BEGIN

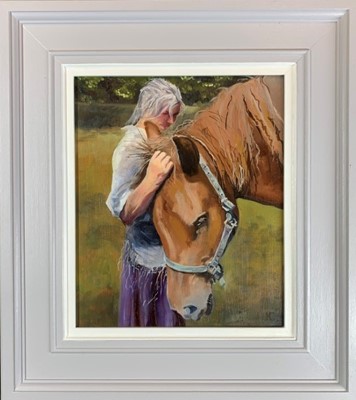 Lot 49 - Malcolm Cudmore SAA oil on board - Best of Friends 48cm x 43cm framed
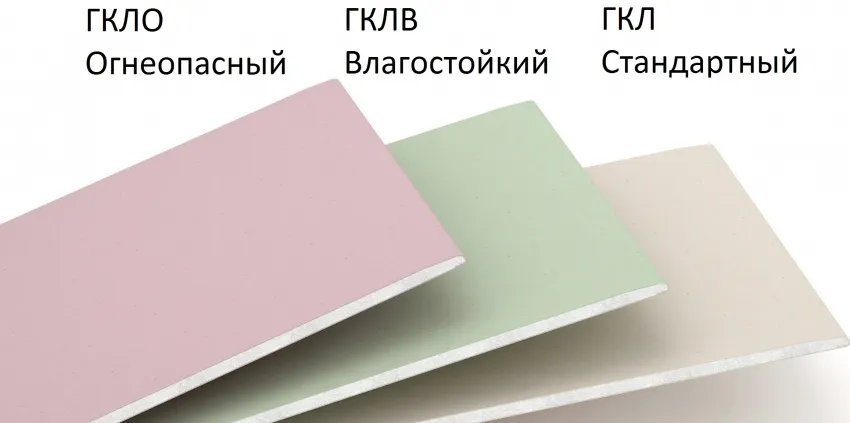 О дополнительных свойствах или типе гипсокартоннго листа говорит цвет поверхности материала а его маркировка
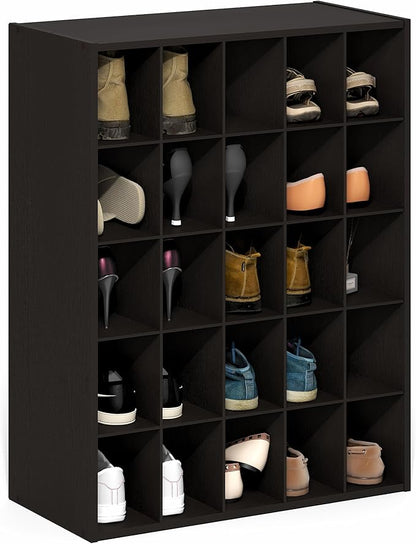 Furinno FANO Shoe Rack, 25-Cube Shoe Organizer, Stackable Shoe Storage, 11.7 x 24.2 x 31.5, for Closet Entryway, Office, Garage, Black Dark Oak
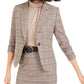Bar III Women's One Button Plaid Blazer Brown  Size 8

END
BEGIN

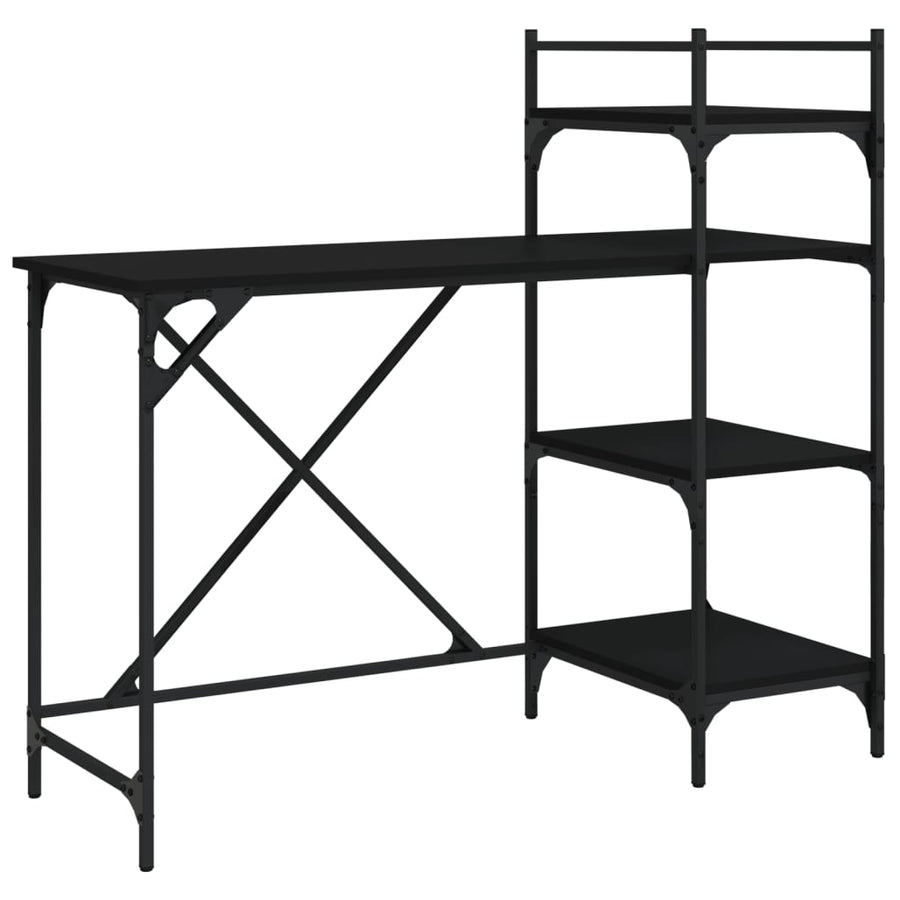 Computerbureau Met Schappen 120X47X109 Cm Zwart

END

Using the data above, which lines fall from the one with "О дополнительных свойствах" through the one with "Bar III Women's"? Repeat them exactly, ends included, minus any pictures.

FINAL ANSWER ▸
 О дополнительных свойствах или типе гипсокартоннго листа говорит цвет поверхности материала а его маркировка
 Furinno FANO Shoe Rack, 25-Cube Shoe Organizer, Stackable Shoe Storage, 11.7 x 24.2 x 31.5, for Closet Entryway, Office, Garage, Black Dark Oak
Bar III Women's One Button Plaid Blazer Brown  Size 8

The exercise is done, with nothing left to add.